Batch Test Your Natural Language Understanding (NLU) Model
Use the NLU evaluation tool in the developer console to batch test the natural language understanding (NLU) model for your Alexa skill.
To evaluate your model, you define a set of utterances mapped to the intents and slots you expect to be sent to your skill. This is called an annotation set. Then you start an NLU evaluation with the annotation set to determine how well you skill's model performs against your expectations. The tool can help you measure the accuracy of your NLU model, and run regression testing to ensure that changes to your model don't degrade the customer experience.
You can use the NLU evaluation tool with skill models for all locales. You can also access these tools with the Skill Management API (SMAPI) or the ASK Command Line Interface (ASK CLI). See NLU Evaluation Tool API.
- Annotations and annotation sets
- Create and edit annotation sets
- Start an evaluation
- Review the results and update your model
- Use the NLU evaluation tool for regression testing
- Related topics
You can use the NLU evaluation tool once you have defined an interaction model and successfully built it.
The tool does not call an endpoint, so you do not need to develop the service for your skill to test your model.
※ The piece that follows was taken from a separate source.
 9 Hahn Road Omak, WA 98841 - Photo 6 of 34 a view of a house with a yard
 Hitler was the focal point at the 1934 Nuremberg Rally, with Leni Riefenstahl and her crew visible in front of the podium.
Annotations and annotation sets
To evaluate your model with the NLU evaluation tool, you create an annotation set. This is a set of utterances mapped to the intents and slots you expect to be sent to your skill for each one you expect for each one. Each utterance with its expected intent and slots is called an annotation.
Each annotation has the following fields:
- The utterance to test.
- Do not include the wake word or invocation name. Provide just the utterance as it would be used after the user invokes the skill.
- You can use either written form or spoken form for the utterance. For example, you can use numerals ("5") or write out numbers ("five"). For more examples, see the rules for custom slot type values.
- Expected Intent
- The intent that the utterance should trigger.
- Expected Slot Names
- (Optional) The name of the slot that the utterance should fill. You can provide more than one expected slot for an utterance.
- Expected Slot Values
- Required for each Expected Slot Name. Provides the value you expect the utterance to fill for the specified slot.
- Reference Timestamp (UTC)
- (Optional) A time and date in UTC format to use as the basis for relative date and time values. Use this when the utterance tests the
AMAZON.TIMEslots with words that represent relative dates and times such as "today," "tomorrow," and "now." Provide the full date and time, including milliseconds, for example:
2018-10-25T23:50:02.135ZFor more information, see Create an annotation with relative dates or times.
Create and edit annotation sets
You can manage annotation sets in the developer console from the Build > Custom > Annotation Sets page. You can then create and edit annotations directly in the developer console.
Create an annotation set in the developer console
- Open your skill in the developer console.
- Navigate to Build > Custom > Annotation Sets.
- Click Create Annotation Set.
- At the top of the page, enter a name for the annotation set.
- Create the annotations.
Edit an annotation set
- Open your skill in the developer console.
- Navigate to Build > Custom > Annotation Sets.
- Find the annotation set to edit and click its name or the Edit link.
Create the annotations in the developer console
For more about the fields for an annotation, refer back to Annotations and annotation sets.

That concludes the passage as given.